Unbelievably tiny and lightweight at 2.2 by 1.0 by 0.3 inches and 0.6 ounce, the headset is outfitted in a relatively stylish silver and gray casing. It slips on and off easily, and the highly flexible ear loop can be adjusted for either ear. The only downside was that it felt a little loose, and the plastic construction seemed somewhat flimsy.
The amply sized controls took no acclimation and were easy to manipulate when wearing the headset. A multifunction button turns the headset on and off, manages calls, and readies it for pairing, while a phone-shaped LED light indicates the headset's status. A big plus was that it uses the same charger system as the Treo, which makes it more convenient than a headset from another vendor.
We had no problem pairing the device to our Treo 650. The performance was decent, with low static and good range, especially compared to other headsets such as the Jabra BT200, which we've used with the smart phone.

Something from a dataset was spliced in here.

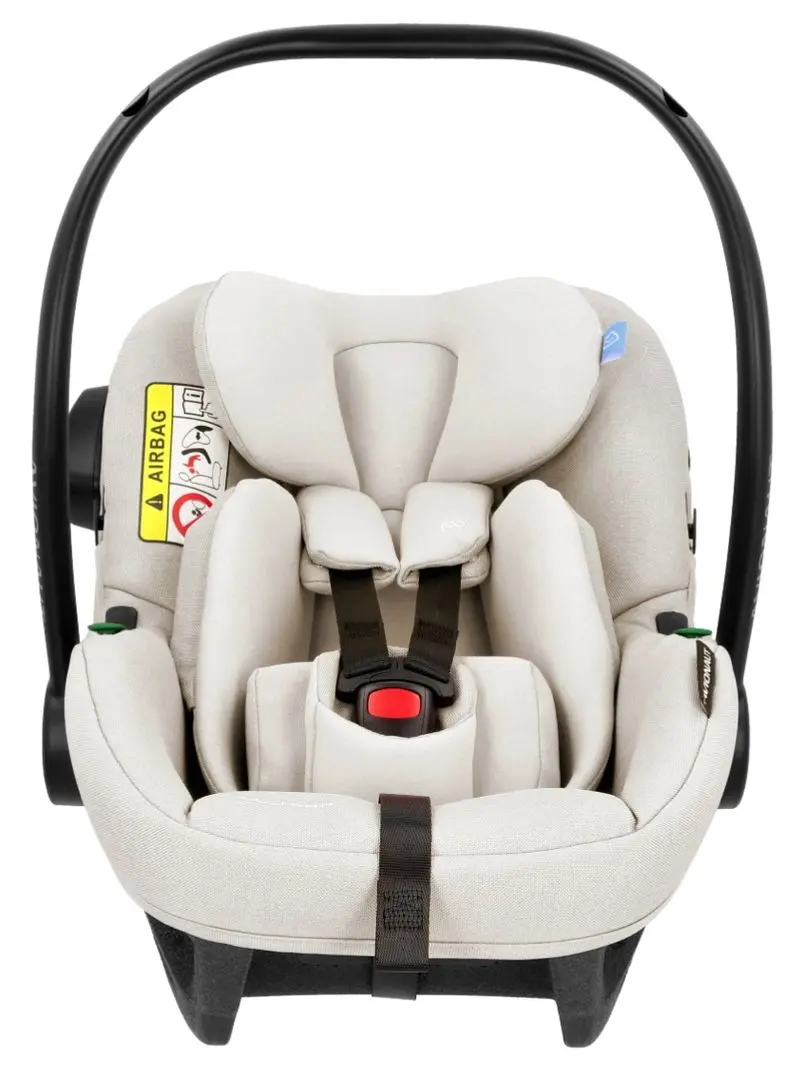 Scaun auto Avionaut Pixel Pro 2.0 C (Beige)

It had very good noise reduction in windy environments--an uncommon trait. Our real complaint was that the volume was a bit low, but it wasn't particularly bothersome. One other item worth noting: The Treo didn't support voice dialing, a feature found on even today's cheap phones; you'll have to dial from the handset itself. There was voice-dialing software available for an extra cost, but it didn't work with Bluetooth headsets.
The headset also worked with other Bluetooth 1.2-enabled phones. We used it with the Motorola V600 and enjoyed great performance. Also, because the V600 had voice dialing, we were able to use the headset to make calls, though only after we pressed the voice-dialing button on the phone. The headset promises seven hours of talk time and a little more than seven days of standby battery life, which we met in our tests.